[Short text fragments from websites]
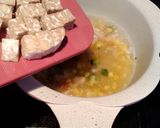 Foto langkah ke 6 dari resep Bubur Jagung Ayam Kampung (MPASI Hari Keempat Bayi 6 bln +).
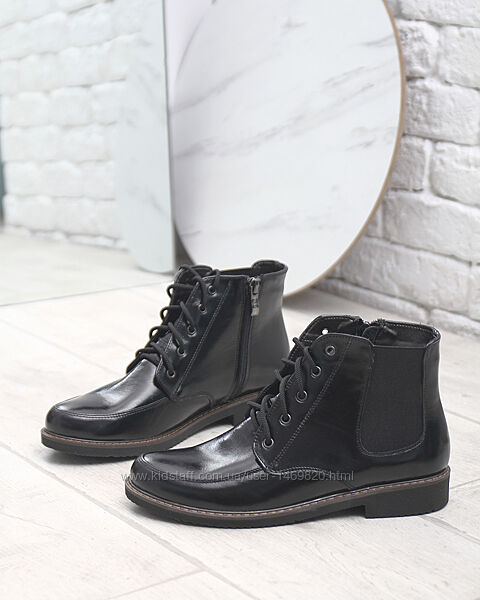 Ботинки лаковые женские кожаные демисезонные на низком ходу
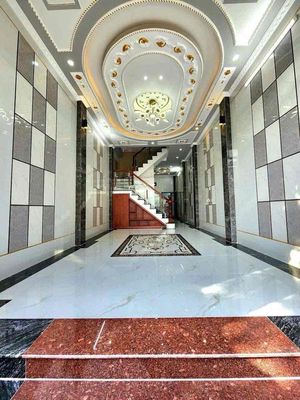 Nhà trệt 2 lầu đẹp 4phòng sẵn 4máy lạnh gần Chợ Cầu Ván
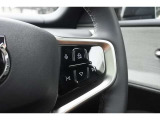 よく使う、音声入力スイッチや、センターディスプレイの操作+OKスイッチは手元の操作で運転中でも安全に操作可能です。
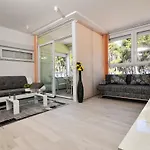 Appartement Laura 1 *
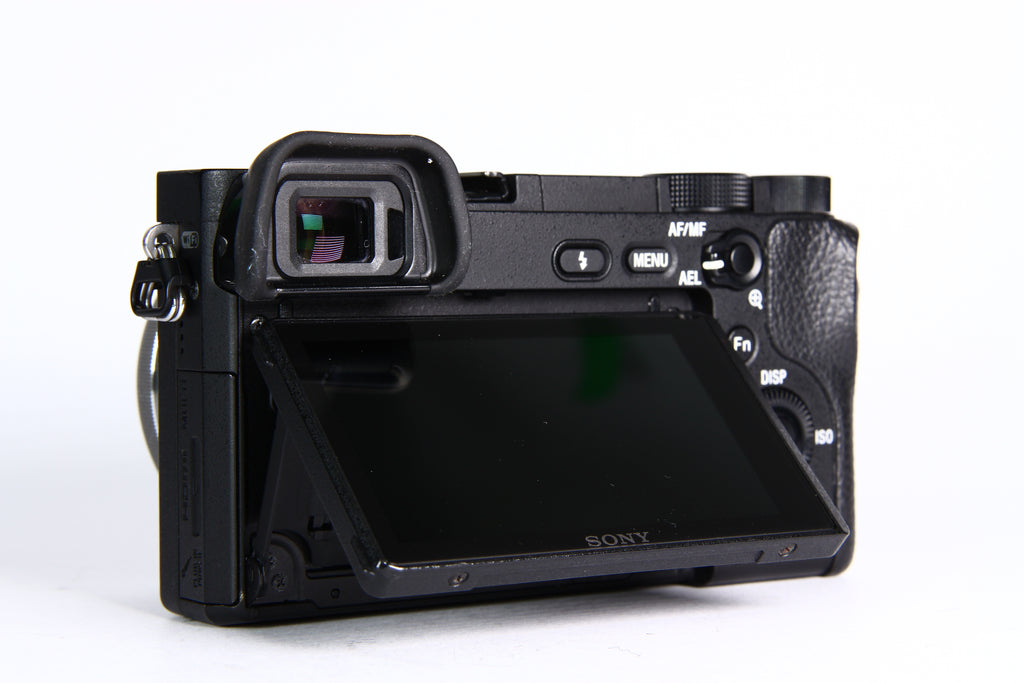 Cámara Digital SONY A6300 con lente 16mm F2.8. Usada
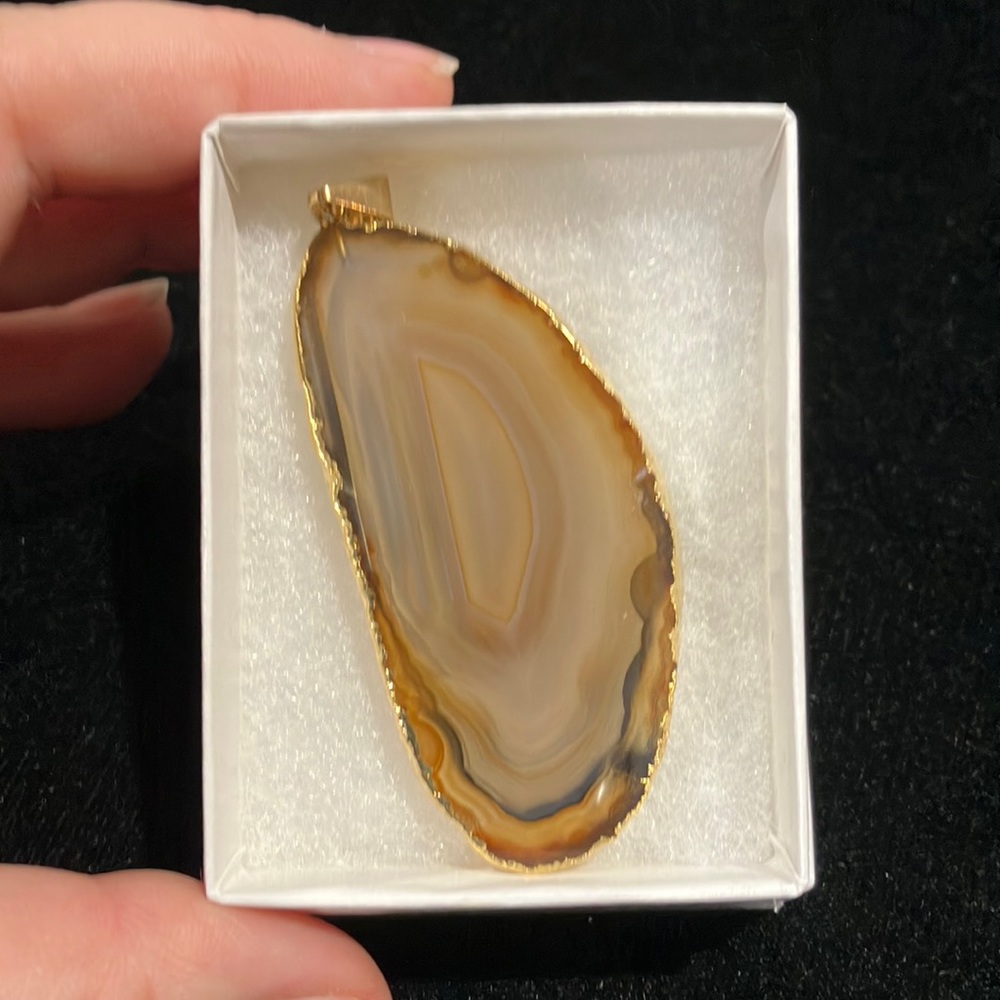 Beautiful Agate Pendent - B2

> **Work to complete**: Leave the images aside and transcribe all entries exactly.

> **Written response**:
 Foto langkah ke 6 dari resep Bubur Jagung Ayam Kampung (MPASI Hari Keempat Bayi 6 bln +).
 Ботинки лаковые женские кожаные демисезонные на низком ходу
 Nhà trệt 2 lầu đẹp 4phòng sẵn 4máy lạnh gần Chợ Cầu Ván
 よく使う、音声入力スイッチや、センターディスプレイの操作+OKスイッチは手元の操作で運転中でも安全に操作可能です。
 Appartement Laura 1 *
 Cámara Digital SONY A6300 con lente 16mm F2.8. Usada
 Beautiful Agate Pendent - B2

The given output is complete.